Prior to this highly personal film, Gondry had emerged a major filmmaker via two Charlie Kaufman collaborations (Human Nature and, far better, Eternal Sunshine of the Spotless Mind) and one Dave Chappelle collaboration (Block Party, still one of 2006’s best films). But before his rise as a feature filmmaker, Gondry made his name via creative music videos for arty acts such as Björk and the Chemical Brothers. The Science of Sleep, in which Gael García Bernal plays a young man who works out his waking-life problems through a rich dream world, is reminiscent of Eternal Sunshine of the Spotless Mind in its romanticism (a little more adolescent this time — sweet, wild, with undercurrents of melancholy) but is really a nod to this music-video heritage in that visceral and emotional impact takes precedence over storytelling.
Bernal is Stéphane, a young French-Mexican man who has been living in Mexico with his father. As the film opens, he’s returned to Paris to see his estranged mother, taking a job she’s arranged for him at a printing company that specializes in producing calendars.

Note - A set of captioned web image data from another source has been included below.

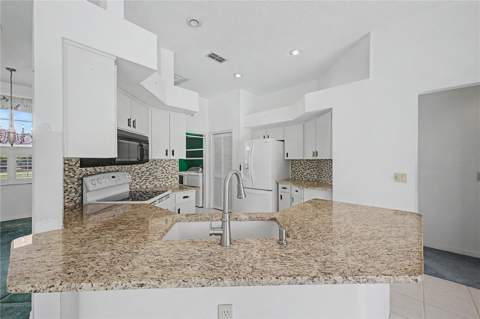 10376 Henderson Street, Spring Hill FL - photo 18 of 56
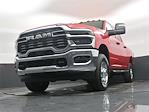 New 2026 Ram 2500 Tradesman Crew Cab for sale #260213 - photo 37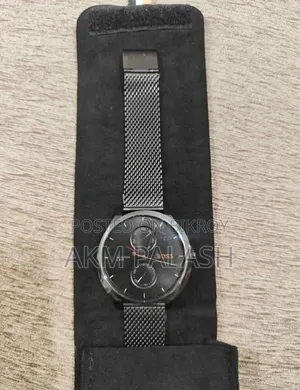 Boss Brand New From UK Urgent Sale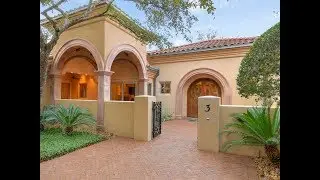 3 Clubhouse Green | San Antonio | Texas | 78257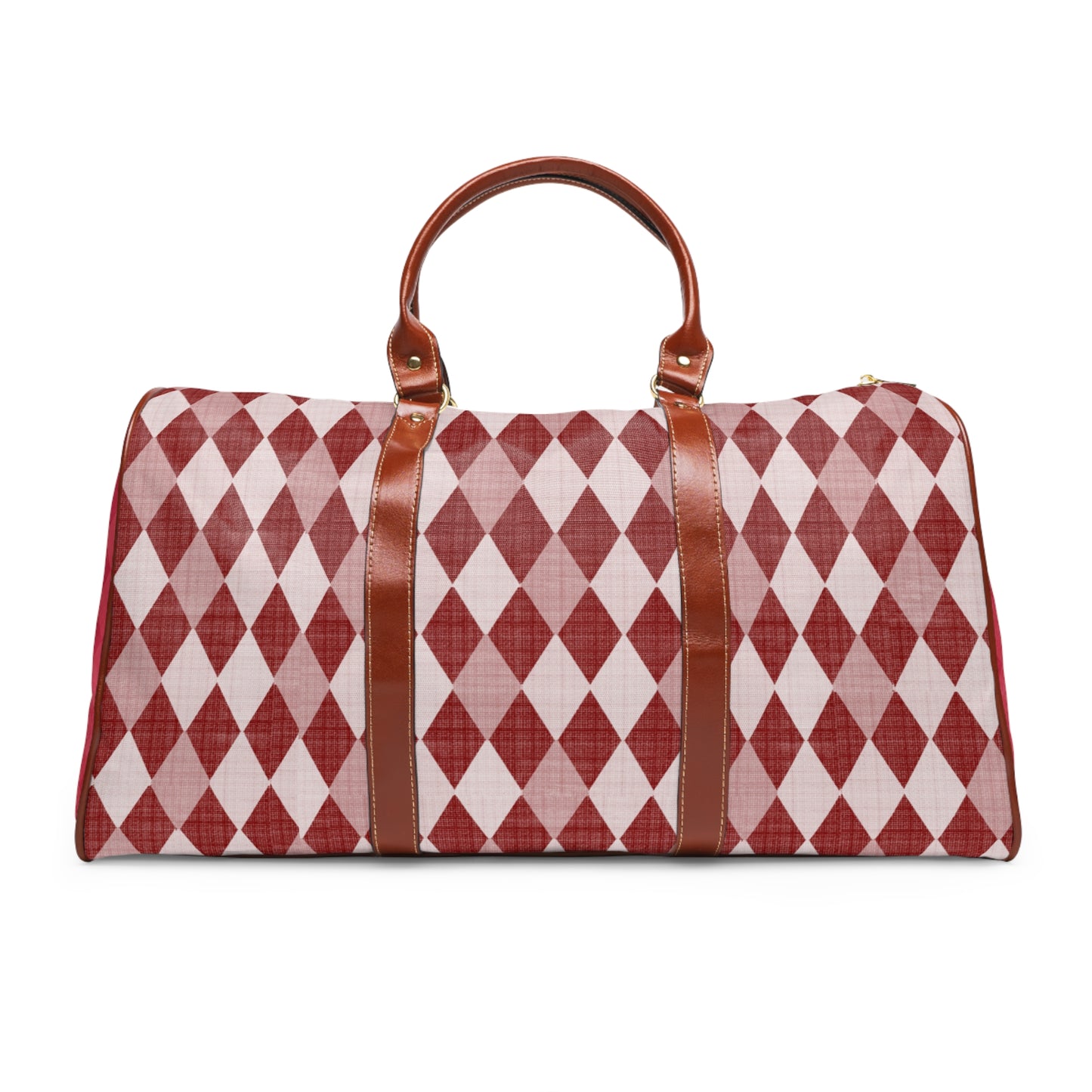 Waterproof Travel Bag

Stéphane thinks he’s taking a graphic-artist position and hopes to sell the company on his morbid calendar idea, in which each month is accompanied by a drawing depicting a celebrated disaster. Instead, Stéphane ends up performing rote tasks in a colorful but stifling workspace that could double for a French version of The Office. Meanwhile, Stéphane’s personal life is also troubled. He doesn’t get along with his mother’s new husband, and he lives alone in an apartment that was his childhood home, growing obsessed with an equally artsy next-door neighbor, Stéphanie (Charlotte Gainsbourg).
Though Stéphane struggles with real life, he sorts things out in dreams that make up half the film. These dreams branch out from the cardboard-and-crayon set of Stéphane TV, a would-be late-night talk show in which Stéphane — dressed in a mod suit — is host, guest, and band all at once. This dreamscape gambit is a conduit for many witty visual eruptions. Stéphane battles his office superior with hands that have grown to comically huge proportions. There’s an electric razor that grows hair rather than removing it, giving its user a huge mountain-man beard. One dream sequence has Stéphane in a plushy costume, playing drums and singing a Velvet Underground song.
If The Science of Sleep seems old-fashioned in its effects, it’s notable just how old-fashioned. Gondry’s movie doesn’t merely evoke pre-CGI cinema. It’s a seemingly intentional nod to the dawn of filmmaking, to the now seemingly quaint wonderment of such turn-of-the-century films as Georges Méliès’ Voyage to the Moon or Edwin Porter’s Dream of a Rarebit Fiend.